Some parting remarks: Did you know that in Asia Euro-Caucasians are “White Devils” or “the Big Nose Ones?”  Did you know that Asians yearn for our Greco-Roman society, so different from their own stifling cultures?  Did you know that we sacrificed tens of thousands of young White men, including Medal of Honor winner John Basilone, to liberate China, Korea, and the Philippines from racist Japan?

Clearly, many Asian Americans have forgotten. -JLM

2 thoughts on “Ya Gotta Admit!”

  1. To use a phrase first created by the Italic Institute, “when it comes to organized crime, the media needs to widen the lens, not narrow the beam.” The fact that the Asian American filmmakers conveniently ignored any hint of Asian involvement in organized crime (not even a passing mention of the opium dens which flourished in Asian communities from New York to the Pacific Northwest) shows how the concept of “willful ignorance” can enhance an entire ethnic group’s reputation. No such positive censorship exists for Italian Americans. For us, it is the opposite: Like moths to flame, the media immediately zeroes in on “mob connections,” no matter how trivial or misguided.

    Sadly, our own people participate in this, be they mobstar actors who enjoy their blood money, documentarians who do their own PBS specials on Italian Americans but do not ask the hard questions viz a viz stereotypes, and, finally, cultural and business leaders who either defend endless “mob-themed” works or naively pretend that “the sheer overwhelming positivity of our culture” will eventually obliterate them (a quote from the late NIAF president Kenneth Ciongoli, who later admitted, at a public form in New York in 2001, that his Pollyanna attitude was a major mistake).

    But, back to “The Asian Americans”: The PBS show did highlight O. Russell Esposito, a 1950s spokesman for the nation’s campaign for statehood. And if you ever go to Honolulu and see the name Frank Fasi everywhere, you might at first think that it’s an Hawaiian name. Not so: Fasi, born in Connecticuit, was an Italian American who stayed in Hawaii after WWII and became a major mover and shaker on the island, serving as the longest-running mayor of Honolulu.

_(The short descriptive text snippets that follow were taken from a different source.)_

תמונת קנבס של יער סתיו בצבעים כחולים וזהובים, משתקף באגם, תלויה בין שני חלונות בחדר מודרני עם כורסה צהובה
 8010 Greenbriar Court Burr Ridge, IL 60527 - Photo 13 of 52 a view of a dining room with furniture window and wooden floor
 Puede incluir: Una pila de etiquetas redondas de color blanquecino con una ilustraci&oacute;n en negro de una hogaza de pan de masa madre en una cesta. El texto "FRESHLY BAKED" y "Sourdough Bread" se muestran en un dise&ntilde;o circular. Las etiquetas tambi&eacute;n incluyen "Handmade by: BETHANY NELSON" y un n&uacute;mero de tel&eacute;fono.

    Here is a brief listing of his accomplishments, from Wikipedia:

    “Much of Honolulu today retains reminders of the Fasi era. He opened the Neal S. Blaisdell Center, and established TheBus, the national award-winning public transportation system. Fasi also invented and built the Satellite City Hall system, established one of the nation’s largest elected neighborhood board systems, and pushed for the construction of the H-POWER waste-to-energy plant. Fasi created the Summer Fun recreational program for children and the annual Honolulu City Lights winter festival. Fasi popularized the shaka, a local hand gesture, when he ordered it to become the city’s signature logo and printed on all city signs and publications. He is also credited with transforming the Capitol District by bulldozing massive parking structures near the Hawaiʻi State Capitol, ʻIolani Palace and Kawaiahaʻo Church to create large parcels of green space known as the Honolulu Civic Center. He also created a central office building for many of the city’s departments.

    In recognition of his service to Honolulu, Mayor Mufi Hannemann renamed both the Civic Center and the Municipal Building in July 2006. In order to do so, the Honolulu City Council amended its charter with the passage of Bill 76 (2005) CD 1, FD 1, which bypassed a ban on naming city and county sites in honor of living persons. The Mayor Frank F. Fasi Civic Center and Mayor Frank F. Fasi Municipal Building now stand as a memorial to him.”

  2. It just ain’t fair, but to whom can we go for justice!! Great report of what Italians have to live thru in the bigger picture of life.